Ignoring every picture, transcribe the data in full as it stands.

══════

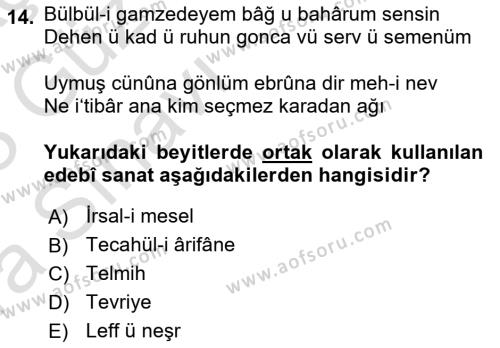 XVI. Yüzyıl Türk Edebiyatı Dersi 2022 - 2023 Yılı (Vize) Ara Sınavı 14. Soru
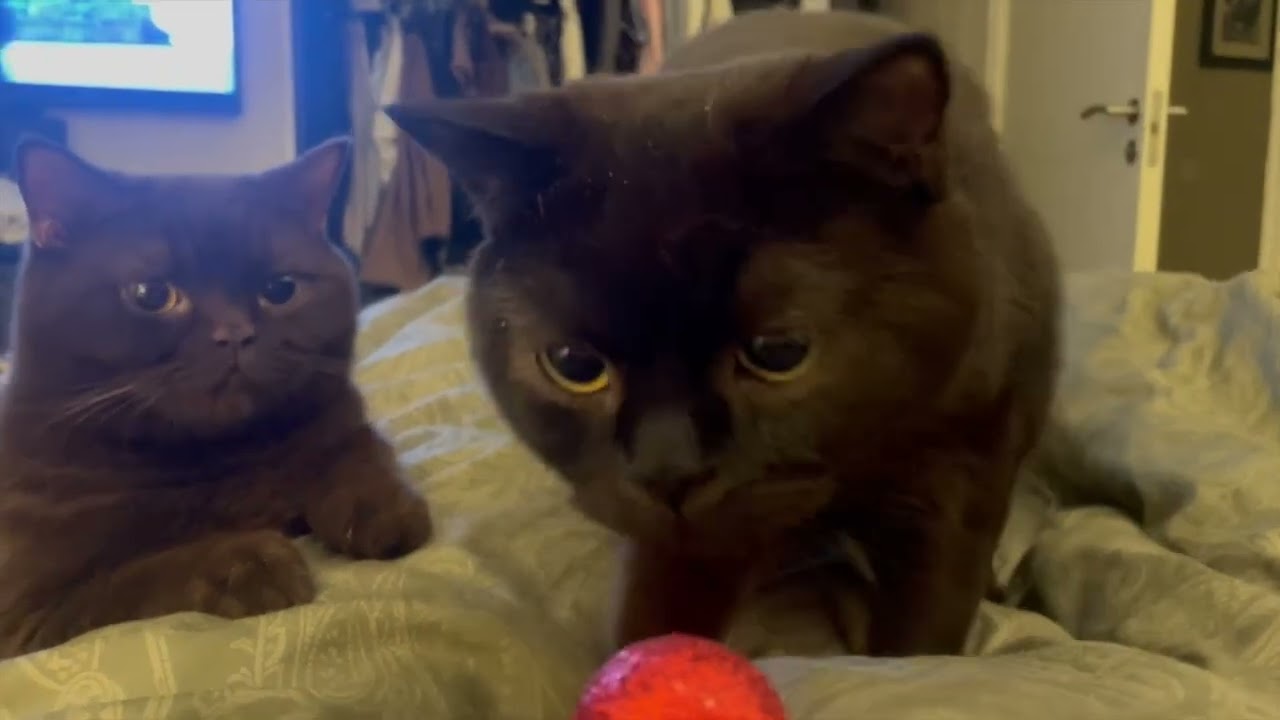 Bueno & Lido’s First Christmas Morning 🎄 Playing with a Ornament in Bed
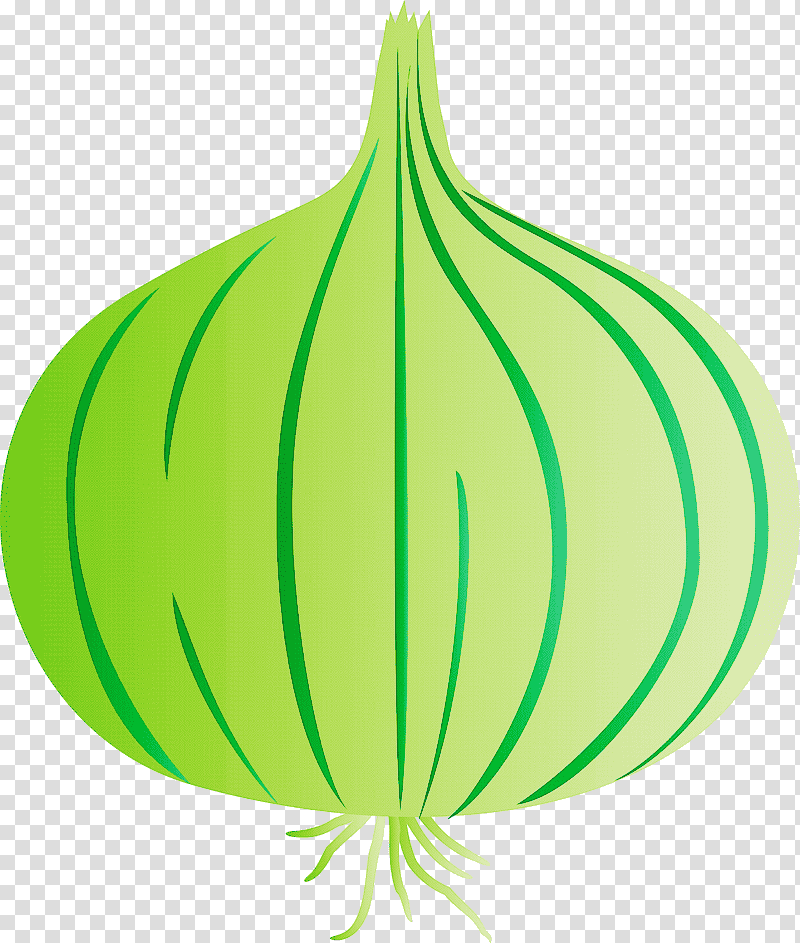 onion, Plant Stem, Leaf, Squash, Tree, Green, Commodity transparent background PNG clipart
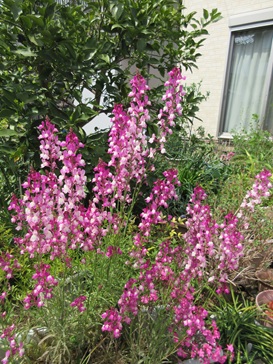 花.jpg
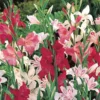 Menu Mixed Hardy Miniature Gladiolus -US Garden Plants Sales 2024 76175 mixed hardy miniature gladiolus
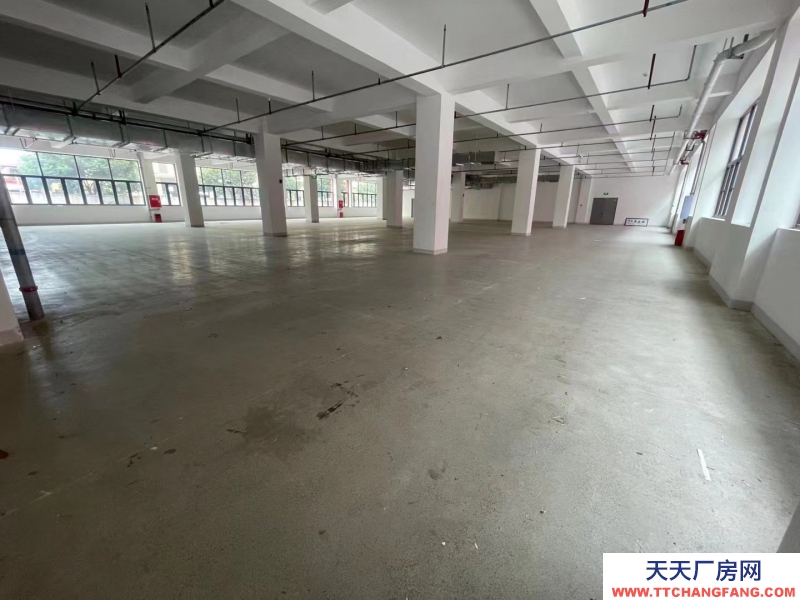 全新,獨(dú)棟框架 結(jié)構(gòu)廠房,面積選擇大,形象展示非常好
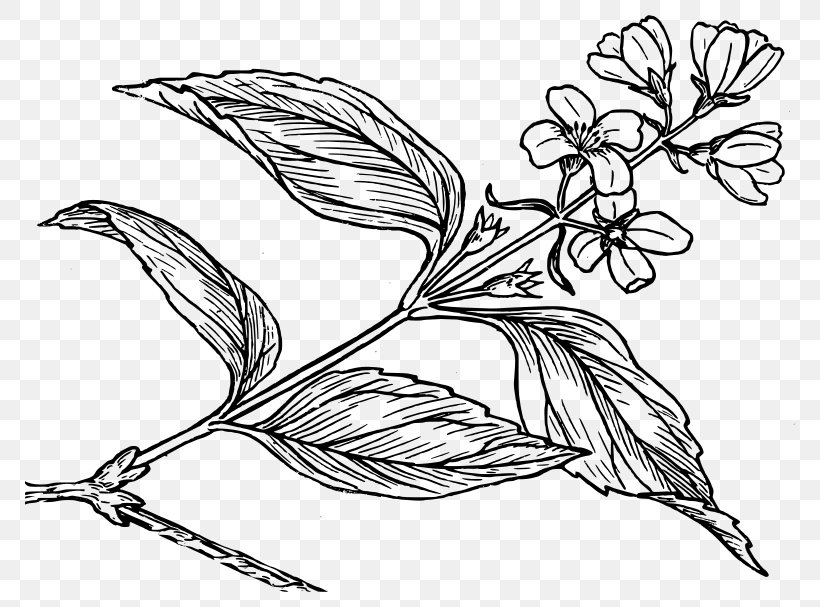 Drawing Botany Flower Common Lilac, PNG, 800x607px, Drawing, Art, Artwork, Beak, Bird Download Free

══════

__Answer below__:
 XVI. Yüzyıl Türk Edebiyatı Dersi 2022 - 2023 Yılı (Vize) Ara Sınavı 14. Soru
 Bueno & Lido’s First Christmas Morning 🎄 Playing with a Ornament in Bed
 onion, Plant Stem, Leaf, Squash, Tree, Green, Commodity transparent background PNG clipart
 花.jpg
 Menu Mixed Hardy Miniature Gladiolus -US Garden Plants Sales 2024 76175 mixed hardy miniature gladiolus
 全新,獨(dú)棟框架 結(jié)構(gòu)廠房,面積選擇大,形象展示非常好
 Drawing Botany Flower Common Lilac, PNG, 800x607px, Drawing, Art, Artwork, Beak, Bird Download Free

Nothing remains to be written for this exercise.